La navigazione ambientale: un’arte antica
L’uomo ha sempre avuto un legame profondo con l’ambiente circostante, un rapporto che si è manifestato anche nella capacità di orientarsi e trovare la strada in assenza di strumenti tecnologici. Prima dell’avvento di Google Maps e dei sistemi di navigazione satellitare, le popolazioni indigene e gli antichi navigatori si affidavano a segnali naturali per attraversare distanze enormi. I marinai delle Isole Marshall, ad esempio, utilizzavano i modelli delle onde per orientarsi nell’Oceano Pacifico, mentre le comunità indigene Gwich’in in Alaska seguivano le stelle per attraversare lo Yukon. In Malesia, il popolo Batek superava l’ostacolo della fitta foresta pluviale imparando a orientarsi attraverso il canto degli uccelli.
Uno studio rivela l’arte della navigazione
Un recente studio ha messo in luce l’arte e la scienza della navigazione in paesaggi complessi, una competenza che poteva significare la differenza tra la vita e la morte per gli antichi popoli che attraversavano terreni potenzialmente pericolosi. La ricerca ha esaminato le tecniche di navigazione di 30 nazioni in tutto il mondo, creando la prima mappa globale del suo genere, che mostra come i problemi unici affrontati dagli esseri umani abbiano dato origine a una varietà di approcci alla navigazione.
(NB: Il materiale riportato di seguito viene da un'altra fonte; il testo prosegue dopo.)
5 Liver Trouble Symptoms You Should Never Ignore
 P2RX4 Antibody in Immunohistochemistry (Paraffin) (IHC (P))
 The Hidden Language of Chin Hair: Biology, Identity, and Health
“Il nostro studio descrive metodi di orientamento così abili che sembrano incredibili per molti di noi che dipendono dal GPS per trovare la strada quasi ovunque”, ha affermato l’autore principale dello studio, il Dr. Fernandez Velasco. “Abbiamo trovato prove consistenti di come la diversità dei paesaggi in cui gli umani vivono si rifletta nella diversità delle culture navigazionali. La ricerca attuale sulla navigazione nelle scienze cognitive non riflette questa diversità. La ricerca futura può non solo aiutarci a comprendere più profondamente il comportamento umano, ma può anche aiutarci a comprendere, preservare, rivitalizzare e adattare culture di navigazione incredibilmente ricche che svolgono un ruolo importante nel connettere le persone ai loro ambienti locali.”
Metodi di navigazione tradizionali
Uno dei metodi di navigazione tradizionali più affascinanti ma meno compresi è quello delle Te Lapa Lights, un misterioso bagliore oceanico che potrebbe aver guidato gli antichi navigatori polinesiani. Le abilità navigazionali umane hanno infine portato all’arte e alla scienza della creazione di mappe, nota come cartografia. Ma vi siete mai chiesti come gli antichi popoli realizzassero mappe prima dell’invenzione del viaggio aereo e dei satelliti?
La cartografia prima dei satelliti
La creazione di mappe era il risultato di generazioni successive di viaggiatori, esploratori, geografi, cartografi, matematici, storici e altri studiosi che mettevano insieme frammenti disparati di informazioni. Questi primi prodotti si basavano su alcune misurazioni realistiche, ma anche su molte speculazioni, che ci hanno portato alla teoria della Terra piatta.
L’avvento dei satelliti ci ha permesso di conoscere la forma della nostra pianeta e di trovare la strada praticamente ovunque. Tuttavia, anche tra le società che hanno a lungo trascurato il loro rapporto con la natura, gli esseri umani si affidano ancora a metodi tradizionali di orientamento.
I cairn: segnali di pietra
La parola “cairn” deriva dal gaelico scozzese e significa “mucchio di pietre”. Questi segnali sono costruiti per mostrare ai camminatori la strada su percorsi particolarmente confusi, come il famoso Camino de Santiago. Per questo motivo, il Servizio dei Parchi Nazionali degli Stati Uniti ha chiesto alle persone di non costruire cairn solo per divertimento, poiché possono indurre in errore i camminatori. Dopo tutto, la pratica di costruire cairn va contro un principio fondamentale del trovarsi nella natura: non lasciare traccia.
Waymarkers estremi: l’Everest
In uno degli ambienti più estremi della Terra, gli esseri umani hanno persino utilizzato i morti come segnali di orientamento. Morire sulla cima dell’Everest significa probabilmente rimanere lì per sempre, motivo per cui la Rainbow Valley è diventata il luogo di riposo preferito per coloro che non sopravvivono alla scalata verso il tetto del mondo.
Lo studio è stato pubblicato su Trends in Cognitive Sciences.